Charlotte Salomon was accepted into the art college for a trial period, starting in the 1935 winter semester. After a first semester studying under the commercial artist Ernst Böhm, she transferred to Ludwig Bartning’s course. Having completed the trial period, she was able to enroll for a course, starting in summer semester 1936, despite being Jewish as her father was a First World War combat veteran. The college was legally permitted to accept a quota of 1.5 percent Jewish students. But finding herself again facing openly anti-Semitic attacks, Charlotte broke off her studies in autumn 1937.

Around this time, she met Alfred Wolfsohn, a Jewish voice instructor who worked with Paula Salomon-Lindberg. He fostered Charlotte’s artistic development, and gave her encouragement and commissions, and she fell in love with him. He provided the inspiration for the character of “Daberlohn”, who appears alongside “Paulinka Bimbam”, the figure representing Paula Salomon-Lindberg, in Charlotte’s major work “Life? Or theatre?”.

In February 1939, Charlotte Salomon escaped Germany to Villefranche in the South of France on the pretext of visiting her grandparents, the Grunwalds, who had emigrated in 1933. Her parents fled to Amsterdam in March 1939. From here they tried to prepare their and Charlotte’s emigration to the United States, but their plans were frustrated by the advance of the German army. Albert and Paula Salomon were deported to the Dutch camp Westerbork.
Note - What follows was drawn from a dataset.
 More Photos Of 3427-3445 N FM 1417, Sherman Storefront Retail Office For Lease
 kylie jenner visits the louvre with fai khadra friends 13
Charlotte Salomon created her renowned series of paintings entitled “Life? Or theatre?”, which she described as a “lyrical drama”, between 1940 and 1942. It told the story of her family, (renamed “Kann”), in over a thousand gouaches and pages of text. On completion, she entrusted the work to a friend in Villefranche, Dr Moridis, for safekeeping until the war was over.

In June 1943, Charlotte Salomon married Alexander Nagler, an Austrian émigré who looked after Jewish orphans in Villefranche. The marriage, which took place in Nice, drew the authorities’ attention to the couple. In September 1943, Charlotte and Alexander Nagler were arrested in Villefranche and deported via Drancy to Auschwitz. Charlotte was five months’ pregnant at the time and probably murdered on the day of her arrival in Auschwitz. Alexander Nagler died in the extermination camp Auschwitz III/Buna in 1944.

In 1947 Albert and Paula Salomon travelled to Villefranche where Charlotte Salomon’s work “Life? Or theatre?” was given to them. Since 1971 it has been in the care of the Joods Historisch Museum in Amsterdam and has been shown in exhibitions worldwide. In 2012, it was part of the “documenta” international contemporary art exhibition in Kassel.

In the 1960s, a plaque was mounted in memory of Charlotte Salomon on the house at Wieland Straße 15 by the Berlin youth organization Berliner Landesjugendring, on the initiative of Gerhard Schoenberner. In 1991, a primary school in Grossbeeren Strasse in Berlin-Kreuzberg was named after Charlotte Salomon in the presence of Paula Salomon-Lindberg.